Souriant à mon enthousiasme, Jewel répondit :
— Tu n’as pas grand-chose à faire, il te suffit d’abaisser tes défenses mentales, et cette pulsation que tu ressens entrera dans ton Espace Mental. Mon ancienne rivale n’est peut-être plus qu’une fraction de ce qu’elle était, mais ses instincts restent plus impressionnants que ceux de mes drones lorsqu’ils n’ont pas d’ordres. Laisse-la faire ce qu’elle doit une fois à l’intérieur de ton paysage mental.
Hochant la tête, j’abaissai mes défenses. L’épée pulsa à nouveau. Lorsqu’elle pénétra dans mon Espace Mental, le plaisir que j’en ressentis cette fois-ci me fit échapper un gémissement involontaire. La créature communément appelée Orchid rougit face à cet acte. Jewel, quant à elle, se maîtrisait mieux, sachant que je n’étais qu’un enfant, mais elle se tortilla tout de même un peu.
À l’intérieur de mon Espace Mental se trouvait l’épée. Elle était transparente et flottait lentement vers le centre de l’espace. Une fois arrivée, des chaînes jaillirent de je ne sais où du sol blanc et liquide et s’enroulèrent autour de l’épée. Ces chaînes n’étaient pas là pour la lier, mais plutôt pour l’ancrer dans mon esprit.
Je pouvais sentir que ce qui se passait fonctionnait, car l’épée devenait de plus en plus corporelle jusqu’à l’être complètement.
Une fois l’épée pleinement présente dans mon esprit, je pouvais aussi la sentir en dehors de mon esprit, comme une sorte de lien. Je pensais que tout était terminé et parfait, mais soudain, une immense ombre émana de derrière l’épée. Elle mesurait cinquante mètres de haut, possédait trois pattes épineuses, un grand thorax chitineux et une grosse tête bulbeuse avec deux yeux composés et de grandes pinces.
Elle aurait été aussi imposante que Jewel si elle n’avait pas été criblée de trous. En fait, il y avait plus de trous que d’ombre. Elle plana un instant avant de se dissiper dans l’épée.
Je regardai autour de mon Espace Mental un instant pour voir si quelque chose n’allait pas, et soupirai de soulagement lorsque tout semblait en ordre. Avant de partir, je jetai un coup d’œil juste en dehors de mon Espace Mental, vers ce que Jewel appelait le plan psionique, et vis quelque chose de terrifiant.
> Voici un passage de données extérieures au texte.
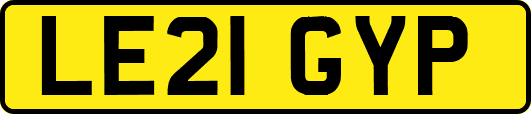 LE21GYP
Une créature aux yeux innombrables et au corps incommensurable planait au-dessus de moi.
Je n’eus même pas le temps de réfléchir et activai immédiatement mes défenses avant que la créature ne se transforme en le corps standard de Jewel, haut de quatre-vingts mètres. Je n’avais jamais vu sa puissance psionique sans mes défenses levées, même en entraînement, elle n’avait jamais été qu’entrouverte.
— J’avais oublié à quel point la ruche est réellement terrifiante, murmurai-je avant de quitter mon Espace Mental.